We do see that there is a shift coming from term deposits to saving accounts, further underpinning net interest income for the quarters to come. In other P&L lines, we have a strong performance on the fee and commission basis, where we do have a record sale in the investment products. It is the best quarter ever in that perspective, with a net sale inflow of EUR 2 billion. We did have also very strong results on the insurance side, with a 9% growth on the non-life side and a whopping 39% growth compared to last year, which is indeed also a record high. We do have a higher net result of the financial instrument fair value and also good performance on the net other income. All P&L lines actually have been doing better than planned and have been delivering results which are strongly underpinning our guidance.
In that perspective, if you look at the other side of the P&L, the outflowing monies costs are under control. They are slightly up compared to the same quarter last year, but they are lower than what we originally planned for this quarter. It has to do with the seasonality of the first quarter last year, which was extremely low. We do have a cost-income ratio of 41%, expressing what I just said on that good performance. We have lower loan loss impairments, and we do have, consequently, also an excellent credit cost ratio. Consequently, we do have a very solid liquidity and solvency ratio. It is, in that perspective, then also no surprise that we, despite the volatility and the turbulence on the financial market and in the macroeconomic domain, we do reconfirm the short-term and the long guidance today going forward.
Last but not least, we also update the dividend and the capital deployment policy. I will go into that in a second. Let me then immediately switch to that dividend policy and that capital deployment. Straightforward, we are having—let me start with the dividend policy. We are having a clearer definition now. We take into account also certain limitations which were linked to the current dividend policy, namely the at-least triggered, amongst others, the ECB to say that we could not consolidate interim the profits which we made in our results and in our capital—so not in our results, in our capital ratio, I mean.

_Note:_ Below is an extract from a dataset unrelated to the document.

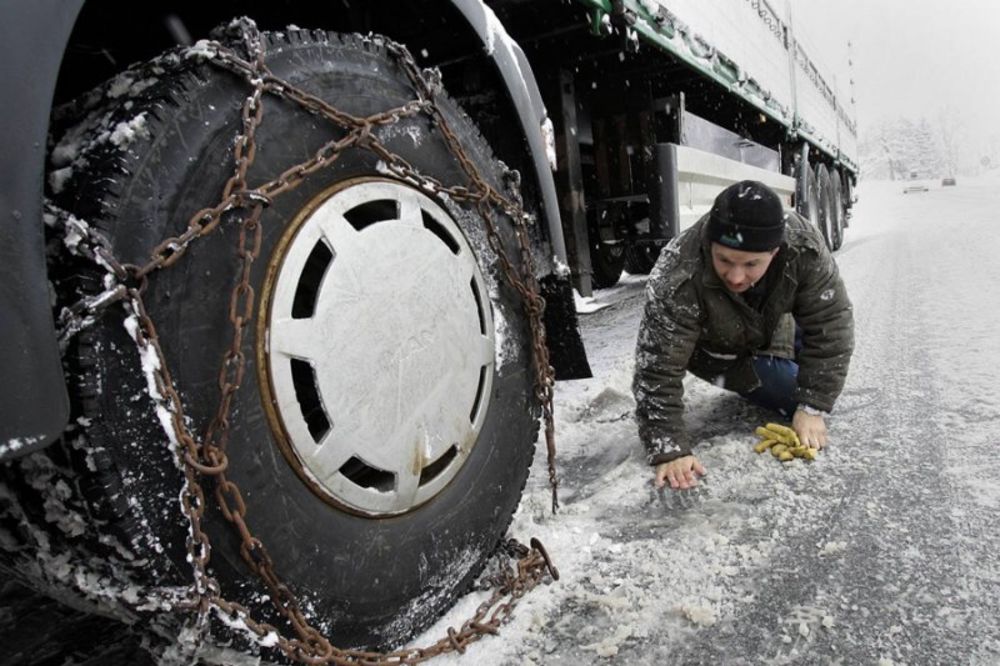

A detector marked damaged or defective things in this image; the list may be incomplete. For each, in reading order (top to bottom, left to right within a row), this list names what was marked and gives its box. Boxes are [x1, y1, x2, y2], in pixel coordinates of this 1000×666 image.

rusty chain link [60, 20, 564, 664]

This annoyance we have overcome by redefining that dividend policy and the payout ratio will be, including the AT1 coupon, going forward as of this year 2025, between 50%-65% of consolidated profit.
Just for all clarity, if you look at the 65%, if you look at the payout of dividends which we have done over the last 10 years, including share buybacks, including surplus capital distribution, including regular dividends, including all the one-offs which we did over the last years, the average is just below that 65% threshold. It means indeed we are stretching it to what was done in the past as well. Traditionally, we pay EUR 1 interim dividend per share in the month of November, and that completes the dividend policy going forward. Once defined dividend policy going forward, we do also redesign our capital deployment. Also here, we take into account a couple of things which were linked to the previous capital deployment, which had this merit quite clearly.

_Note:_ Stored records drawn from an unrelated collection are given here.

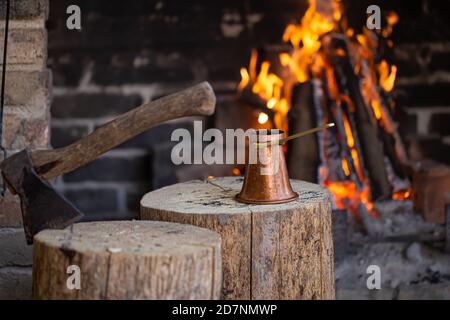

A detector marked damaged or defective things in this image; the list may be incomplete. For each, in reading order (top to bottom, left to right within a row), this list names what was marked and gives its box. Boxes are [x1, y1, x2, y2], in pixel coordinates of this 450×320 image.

rusty axe [1, 81, 216, 244]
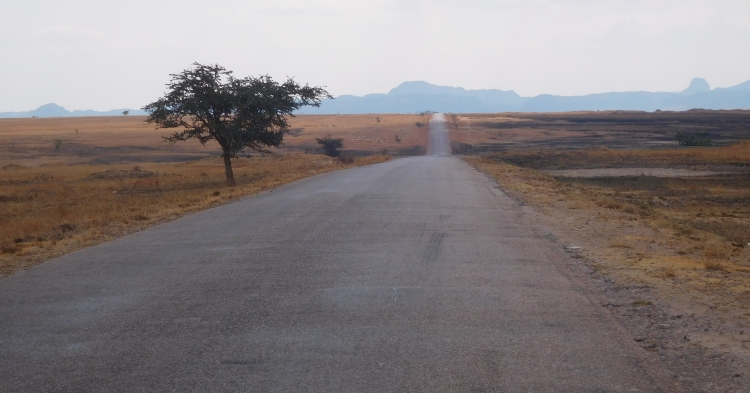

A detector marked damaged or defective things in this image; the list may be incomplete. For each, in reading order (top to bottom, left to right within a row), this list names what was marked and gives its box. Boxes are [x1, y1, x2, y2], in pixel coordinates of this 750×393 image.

cracked road surface [0, 115, 676, 390]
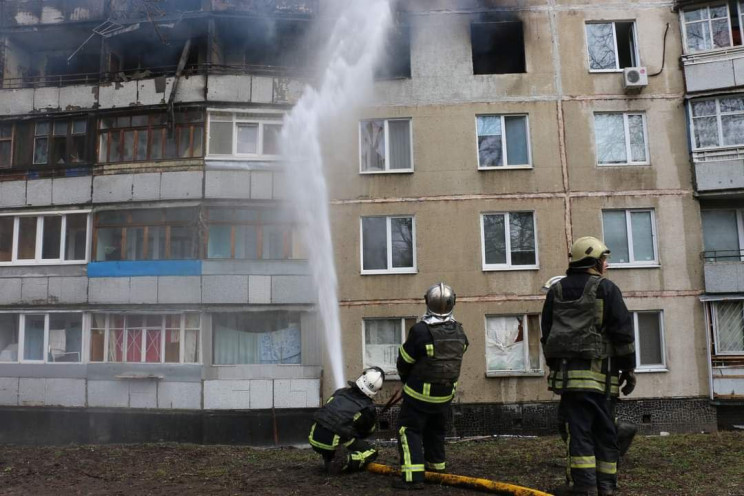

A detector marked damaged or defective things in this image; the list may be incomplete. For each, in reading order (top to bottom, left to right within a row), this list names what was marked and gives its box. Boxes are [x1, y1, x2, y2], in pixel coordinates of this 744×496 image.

broken window [378, 23, 412, 79]
broken window [474, 21, 528, 74]
broken window [584, 22, 636, 71]
broken window [32, 119, 88, 166]
broken window [99, 111, 205, 163]
broken window [208, 112, 284, 159]
broken window [360, 119, 412, 173]
broken window [476, 116, 528, 169]
broken window [596, 113, 648, 166]
broken window [0, 210, 89, 266]
broken window [92, 207, 198, 262]
broken window [205, 206, 300, 260]
broken window [362, 215, 416, 274]
broken window [482, 211, 536, 270]
broken window [89, 314, 199, 364]
broken window [212, 312, 300, 366]
broken window [360, 318, 412, 376]
broken window [486, 316, 536, 374]
broken window [632, 312, 664, 370]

We worked at that time with a threshold for the definition of surplus capital that was, as you know, the 15% CET1 ratio. We abandoned that philosophy, and we actually come back to a dividend policy which allows us now to better manage our capital, better manage our capital, taking into account how we want to deploy better our capital going forward. That is both in growth and remuneration of our shareholders. Translated into the capital deployment policy as of 2025, that philosophy now means that we remain and we want to be amongst the better capitalized financial institutions in Europe. This is a crucial one. You know this was part of our policy in the past and will remain definitely our policy in the future.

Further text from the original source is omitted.